国道158号線を南下し外環に連結する寸前の信号待ちで、ふと何の気なしに西田記念館のことに気持ちが居付いてしまった。
 何故かしら不思議でならないのです。
むかしからわたしは西田幾多郎と聞いただけで怖気付くのです。
所詮はあきらめなのです。
傍にも寄り付けない。
怖ろしく頭のいい秀才には近寄り難い威圧感を感じて此の齢に至るまで此処西田記念館を敬遠し続けてきたのです。
思い返せば学生時代に意気込み勇んで岩波文庫善の研究」を定価六拾圓で買い求めていた。
ところが初っ端の出だしの第壱行目から頭の中が凝結ししかも氷固まってしまったようなのです。
 
“經驗するといふのは事實其儘に知るの意である。
全く自己の細工を棄てて、事實に從うて知るのである。
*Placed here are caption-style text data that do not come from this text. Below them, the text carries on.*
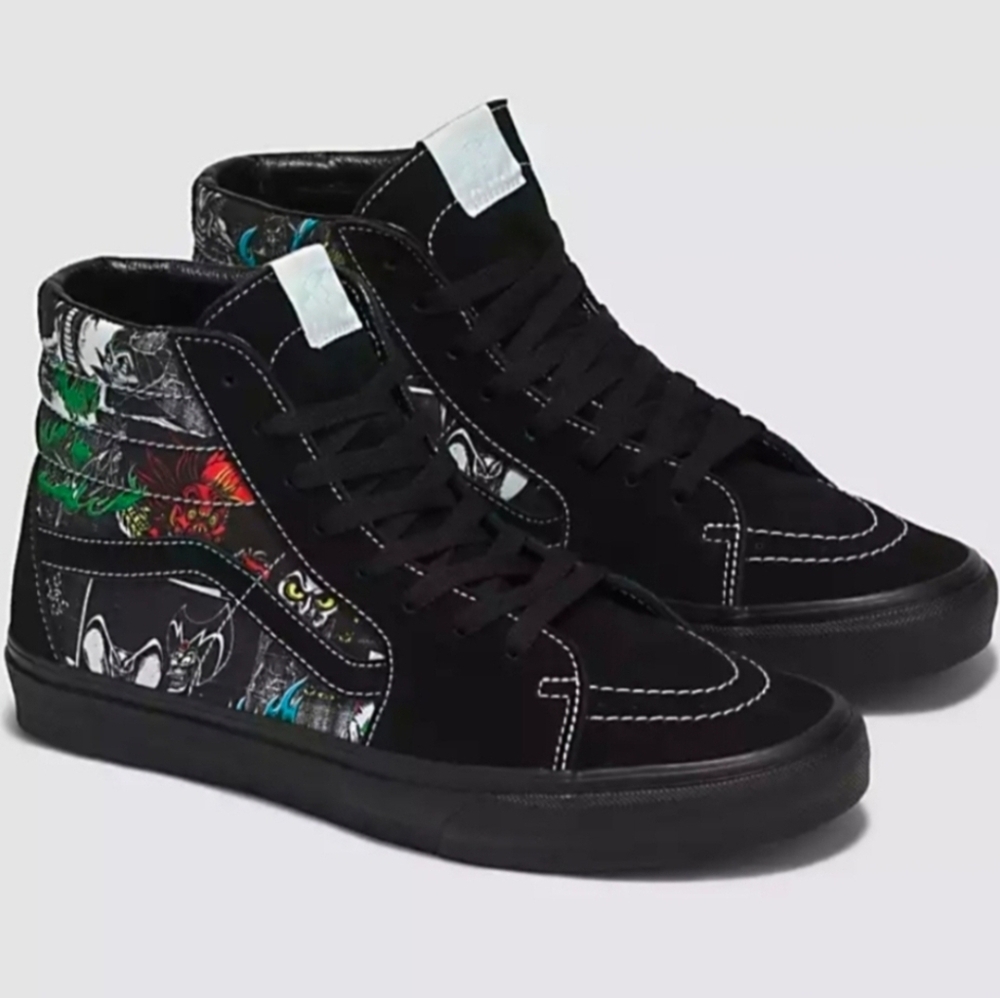 Vans Disney 100 Villains Sk8 Hi Mens Black Out Villain Pictures 102025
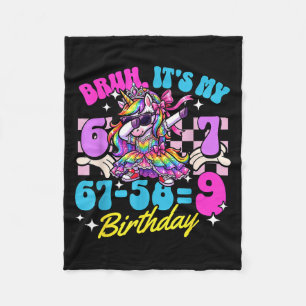 Bruh 67-589 9th Birthday Princess Unicorn Girl Kid Fleece Blanket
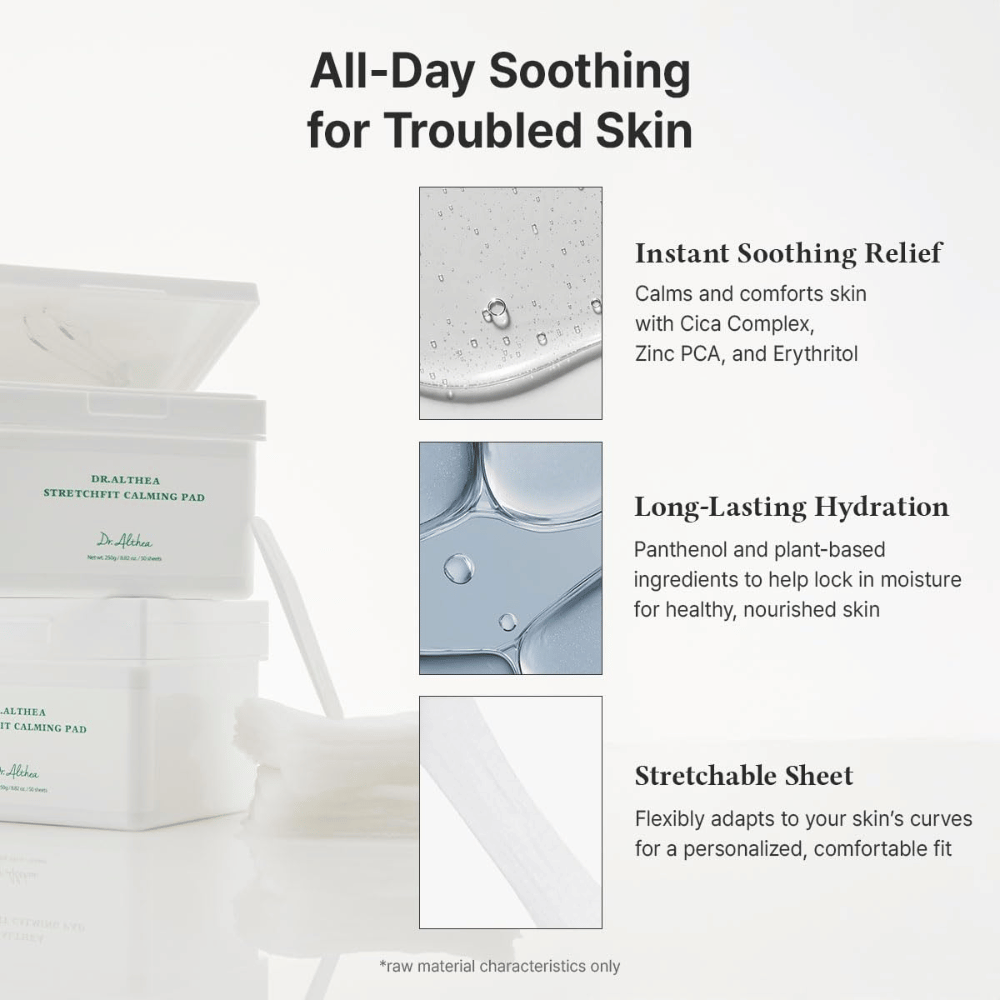 Obraz – efekt / korzyści (konwersja)
Dr. Althea Stretchfit Calming Pad które zapewniają długotrwałe nawilżenie, zmniejszają podrażnienia i chłodzą wrażliwą skórę przez cały dzień.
・・・“
 
動きが取れないのです。
前へ進め切れないのです。
情けない、哀れだ。
おのれに幻滅したまま今に至ってしまったのです。
信号を左折し宇ノ気の街中を捜し回るのだがやはり見つからない。
業を煮やして其処らの民家の庭先に居たお人に道案内を乞うた。
親切なお方で身振り手振りを入れて説明されるのだが要領を得ない。
すると、そのお方も業を煮やしたかのようにいきなりわたしの車に乗り込んできて直々案内するという。
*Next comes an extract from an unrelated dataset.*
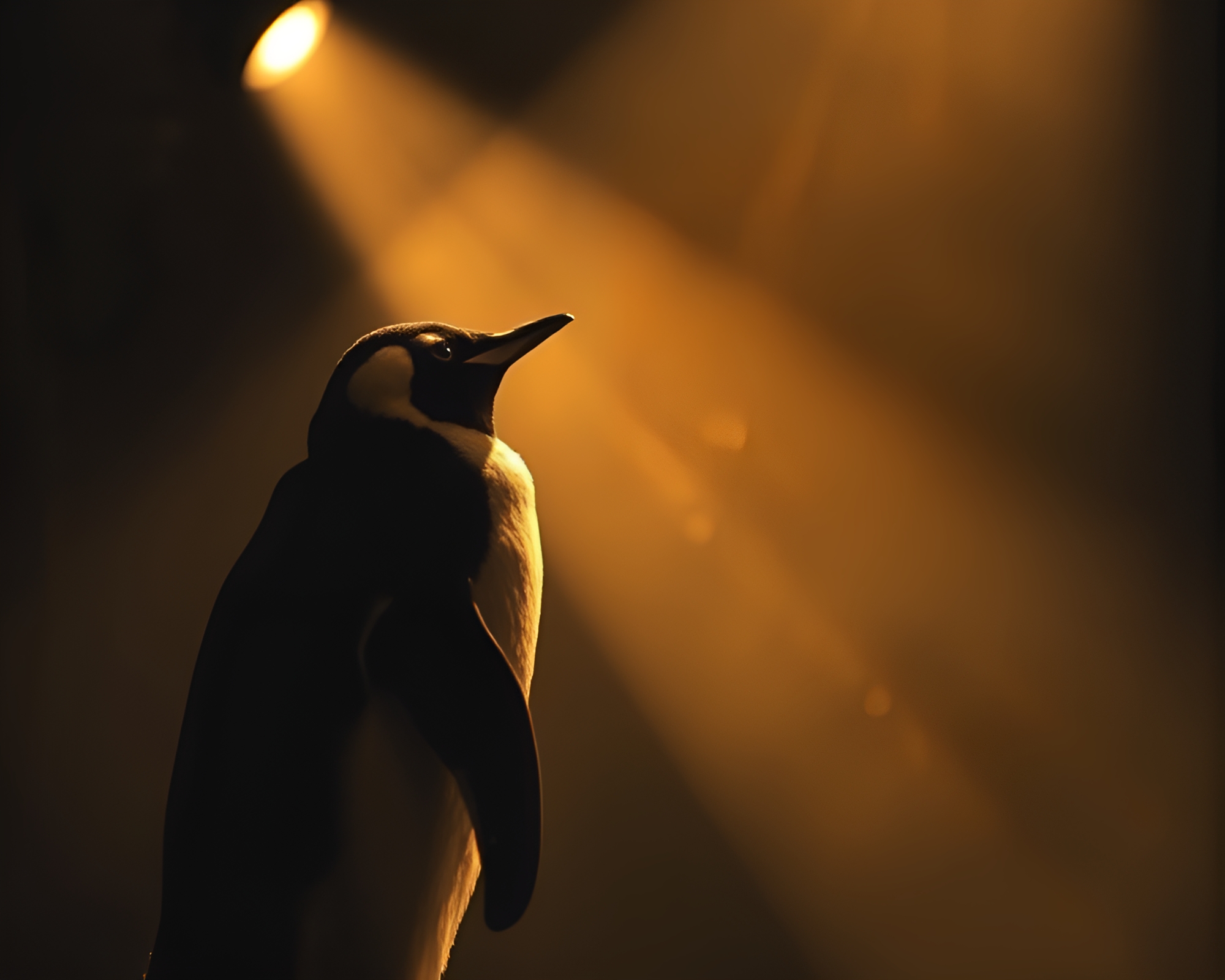 Penguin under sepia spotlight with paint drips – free AI stock image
此の親切無比なお方のお蔭で宇ノ気の町への先入観が随分とやわらいだのでした。
名前とは似つかないとても現代風な奇抜な建物にもびっくりした。
しかもコンクリートの塊で木質部がどこにも見当たらないのに拘わらずにどことなく温かみを感じたのでした。
西田幾多郎と云う高邁な日本人、精神人を理解するには遠く及びはしなかったがそれとなく人間幾多郎の温もりのようなものをほんの少しだけだが味わい得たことはよかった。